--- RECORD SET Enclosed Below ---

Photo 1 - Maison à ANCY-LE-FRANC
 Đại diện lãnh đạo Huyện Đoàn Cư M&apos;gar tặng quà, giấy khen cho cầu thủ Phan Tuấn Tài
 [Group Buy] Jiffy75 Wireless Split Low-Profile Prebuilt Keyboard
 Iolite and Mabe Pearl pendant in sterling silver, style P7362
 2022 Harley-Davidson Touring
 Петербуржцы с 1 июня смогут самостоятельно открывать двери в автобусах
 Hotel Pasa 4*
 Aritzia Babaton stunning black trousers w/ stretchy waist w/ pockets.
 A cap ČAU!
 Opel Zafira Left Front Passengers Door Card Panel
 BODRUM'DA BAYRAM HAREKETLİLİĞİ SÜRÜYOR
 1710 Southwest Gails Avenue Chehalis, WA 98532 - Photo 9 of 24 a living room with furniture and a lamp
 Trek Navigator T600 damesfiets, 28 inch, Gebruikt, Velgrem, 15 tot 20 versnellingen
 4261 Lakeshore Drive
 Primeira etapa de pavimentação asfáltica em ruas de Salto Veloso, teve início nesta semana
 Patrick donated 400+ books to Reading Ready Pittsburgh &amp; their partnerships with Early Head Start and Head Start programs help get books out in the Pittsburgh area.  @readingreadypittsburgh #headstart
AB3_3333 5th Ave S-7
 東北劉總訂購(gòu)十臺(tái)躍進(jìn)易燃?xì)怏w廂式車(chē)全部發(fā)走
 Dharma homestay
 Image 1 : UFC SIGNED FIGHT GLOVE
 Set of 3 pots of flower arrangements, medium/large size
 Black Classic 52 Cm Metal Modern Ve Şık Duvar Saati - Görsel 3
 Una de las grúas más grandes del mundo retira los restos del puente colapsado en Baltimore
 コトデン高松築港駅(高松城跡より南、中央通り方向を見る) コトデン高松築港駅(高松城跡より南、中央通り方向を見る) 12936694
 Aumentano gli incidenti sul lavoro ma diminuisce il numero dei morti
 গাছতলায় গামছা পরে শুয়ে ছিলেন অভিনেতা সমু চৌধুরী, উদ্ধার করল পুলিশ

--- End of Enclosed RECORD SET ---

▶ EXERCISE:
Give back all of the data exactly, with every line intact.

▶ TASK RESULT:
Photo 1 - Maison à ANCY-LE-FRANC
 Đại diện lãnh đạo Huyện Đoàn Cư M&apos;gar tặng quà, giấy khen cho cầu thủ Phan Tuấn Tài
 [Group Buy] Jiffy75 Wireless Split Low-Profile Prebuilt Keyboard
 Iolite and Mabe Pearl pendant in sterling silver, style P7362
 2022 Harley-Davidson Touring
 Петербуржцы с 1 июня смогут самостоятельно открывать двери в автобусах
 Hotel Pasa 4*
 Aritzia Babaton stunning black trousers w/ stretchy waist w/ pockets.
 A cap ČAU!
 Opel Zafira Left Front Passengers Door Card Panel
 BODRUM'DA BAYRAM HAREKETLİLİĞİ SÜRÜYOR
 1710 Southwest Gails Avenue Chehalis, WA 98532 - Photo 9 of 24 a living room with furniture and a lamp
 Trek Navigator T600 damesfiets, 28 inch, Gebruikt, Velgrem, 15 tot 20 versnellingen
 4261 Lakeshore Drive
 Primeira etapa de pavimentação asfáltica em ruas de Salto Veloso, teve início nesta semana
 Patrick donated 400+ books to Reading Ready Pittsburgh &amp; their partnerships with Early Head Start and Head Start programs help get books out in the Pittsburgh area.  @readingreadypittsburgh #headstart
AB3_3333 5th Ave S-7
 東北劉總訂購(gòu)十臺(tái)躍進(jìn)易燃?xì)怏w廂式車(chē)全部發(fā)走
 Dharma homestay
 Image 1 : UFC SIGNED FIGHT GLOVE
 Set of 3 pots of flower arrangements, medium/large size
 Black Classic 52 Cm Metal Modern Ve Şık Duvar Saati - Görsel 3
 Una de las grúas más grandes del mundo retira los restos del puente colapsado en Baltimore
 コトデン高松築港駅(高松城跡より南、中央通り方向を見る) コトデン高松築港駅(高松城跡より南、中央通り方向を見る) 12936694
 Aumentano gli incidenti sul lavoro ma diminuisce il numero dei morti
 গাছতলায় গামছা পরে শুয়ে ছিলেন অভিনেতা সমু চৌধুরী, উদ্ধার করল পুলিশ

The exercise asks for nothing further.